In the first scene, the instructor, an adjunct named Gina (Sue Jean Kim), is warned about the student, Dennis (Ki Hong Lee), by two English Department colleagues who have found his truculent and withdrawn presence creepy and his writing alarming—suffused with raw aggression and mechanistic sexual violence. The colleagues (a white man and black woman) complain that even though Dennis clearly fits the profile of “a shooter,” their college has declined to intervene, and they expect Gina to share their dread.
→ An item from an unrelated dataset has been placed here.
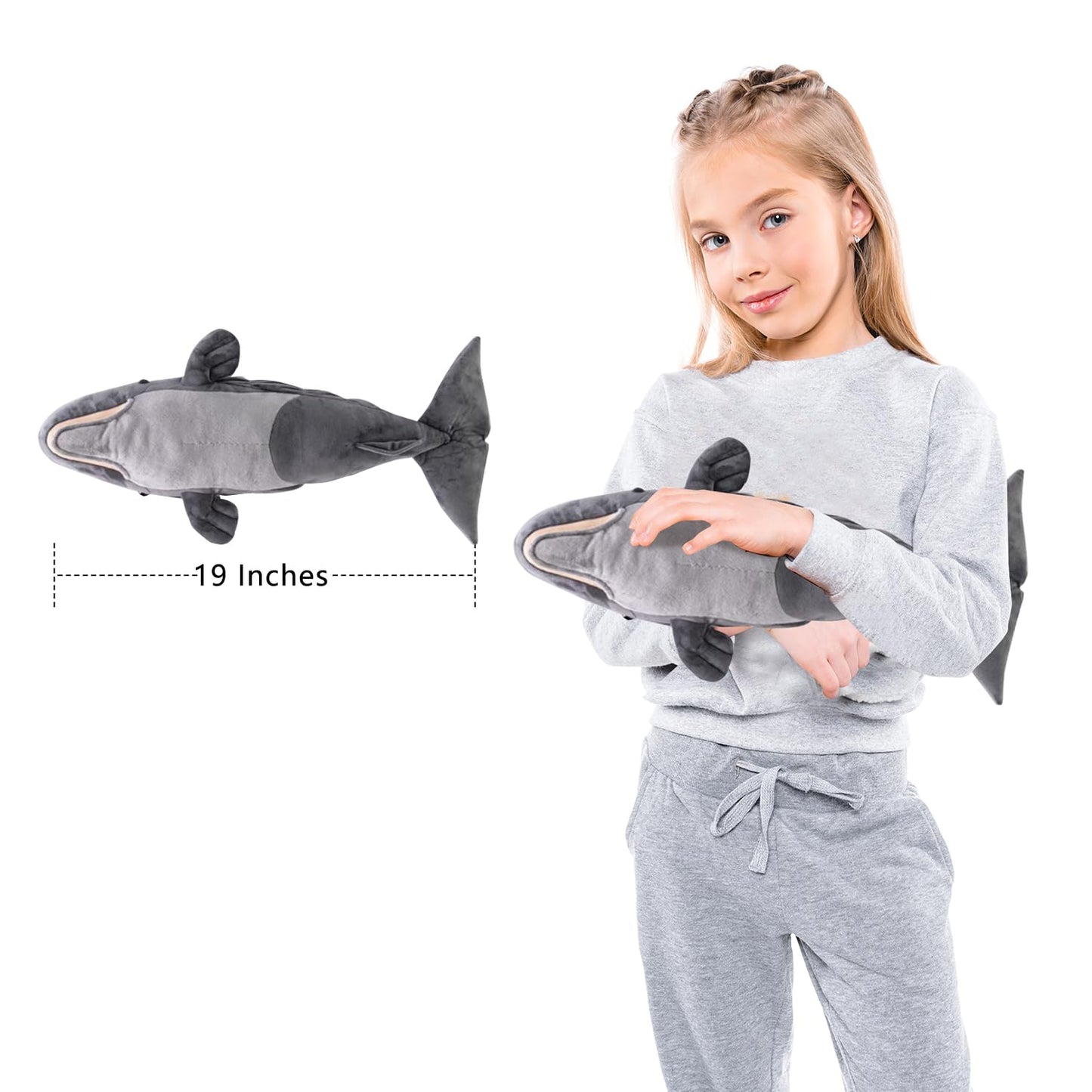 Niuhoulu Sperm Whale Stuffed Animals Soft Plush Toy Kids Cuddly Fluffy Plushie Doll for Girls Boys Babies Toddlers Girlfriends (19")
Instead, she sets out to reach Dennis during a private conversation.
What follows is a 75-minute encounter (the whole play is 90 minutes) in which Gina tries to coax Dennis out of his shell with a combination of ordinary kindness, personal confession, and teacherly blandishment. That none of it seems to lead anywhere—she gets him talking but neither character ever alters any position—ultimately feels more frustrating than the play’s many plausibility problems. I’m not speaking, for the moment, about Cho’s maddeningly indeterminate structure in which the story keeps screeching to a halt with violent shocks, only to continue as if that violence didn’t happen. I’m speaking rather of large leaks in the basic situation.
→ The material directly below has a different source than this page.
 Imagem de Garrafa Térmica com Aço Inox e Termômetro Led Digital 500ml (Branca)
For one thing, Dennis is so blatantly menacing that he’s a walking red flag that, post-Virginia Tech, no American university would ignore. Any student with as many risk-factors as him nowadays would be tagged for mandatory intervention and his teachers supplied with special security and instructions not to be alone with him. I say that as a long-time college professor who has dealt with plenty of bizarre behavioral cases.
More egregious, it’s impossible to believe that a mature woman like Gina would rush to spill her guts with a surly kid who’s never spoken to her (sharing stories of her stalled career, unsupportive parents, broken marriage), just on a hunch that a touch of racial solidarity will move him. I also don’t buy that such an insecure and underpaid adjunct would risk so much for her job.
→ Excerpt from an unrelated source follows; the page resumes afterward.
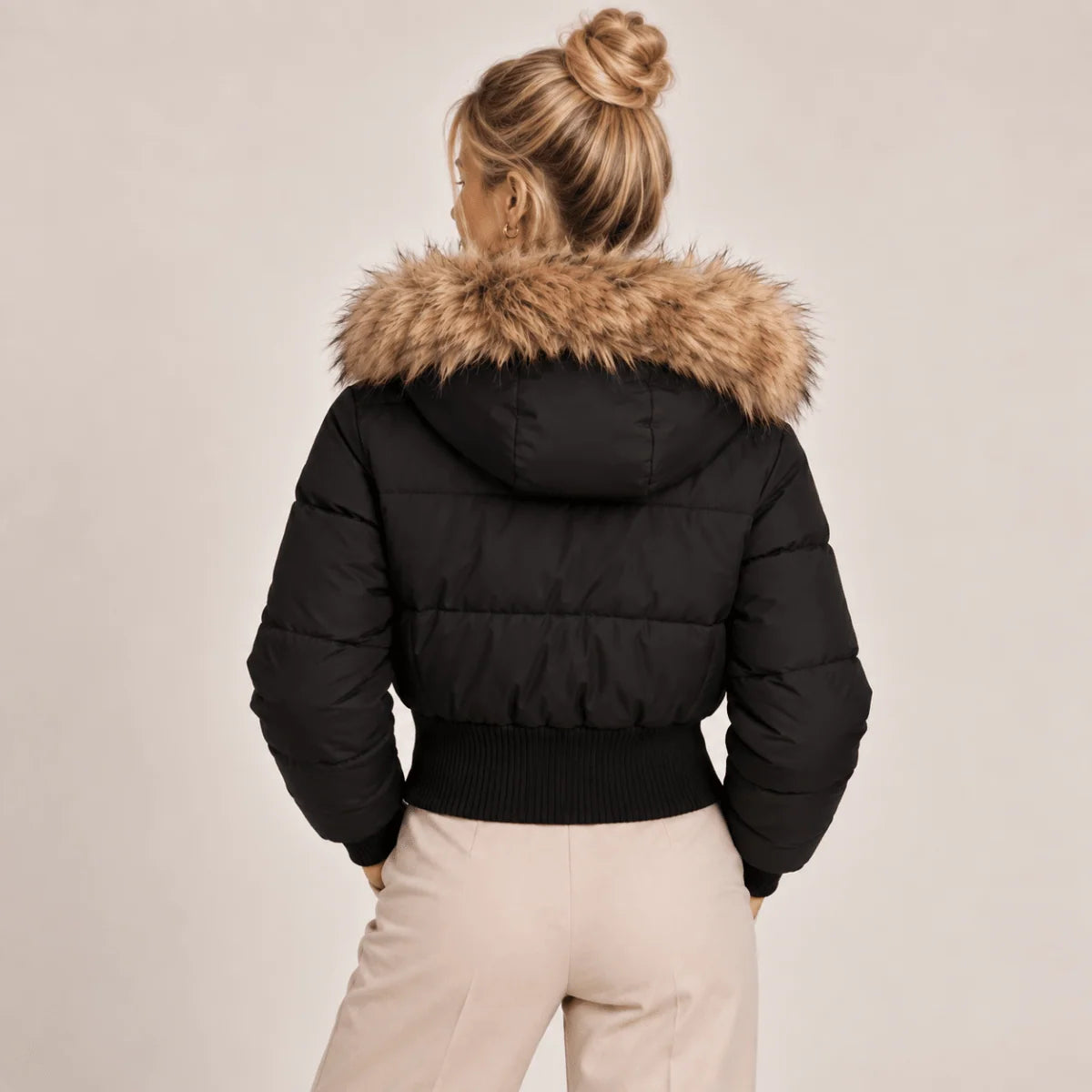 Puffer Jacket Cropped Quilted Faux Fur Hood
Cho clearly wants us to accept that Gina is driven by a simple desire to help Dennis, to try to understand him when no one else has bothered. The trouble is that her efforts don’t resemble idealism so much as suicidal delusion. She ends up seeming like the one who isn’t understood, despite the actress Sue Jean Kim’s heroic efforts to flesh her out in Neel Keller’s swift and smooth Public Theater production.
It’s also worth mentioning that the majority of American mass-shooters are white—a rather important fact that has finally received due attention and commentary in the years since Virginia Tech. Think of Aurora, Newtown, Las Vegas, and all too many others. The Stony Brook sociologist Michael Kimmel has attributed this preponderance to a class-based feeling of “aggrieved entitlement.” In light of this, it’s hard to see how Office Hour advances the national conversation by inconclusively emphasizing the factor of minority-resentment.
As already mentioned, Cho’s play has a stop-and-restart, alternative-reality structure punctuated by jarring gunshots. In recent years other, more philosophically minded playwrights have also used this technique—Nick Payne in Constellations, for instance, and Brian Yorkey in his book for the musical If/Then—to juxtapose parallel universes. These alternatives had a wistful quality to them as we pondered the various coulda, woulda, and shoulda-been scenarios. No one feels wistful about a subject as brutal, frightening, and rawly topical as gun violence.
Because Office Hour is structured as a thriller, it occurred to me about halfway through that its stop-and-restart technique recalled, more than anything else, the megapopular R.L. Stine kiddie-thriller series Goosebumps—You Choose the Scare! When they were young, my kids used to clamor for those books at bedtime. What they especially liked, I felt, was the way the choice of plot trajectories shortcircuited any buildup of real fear. The deflections helped them settle down into comfy slumber, convinced as much that none of the scary stuff had actually happened, as that all of it had.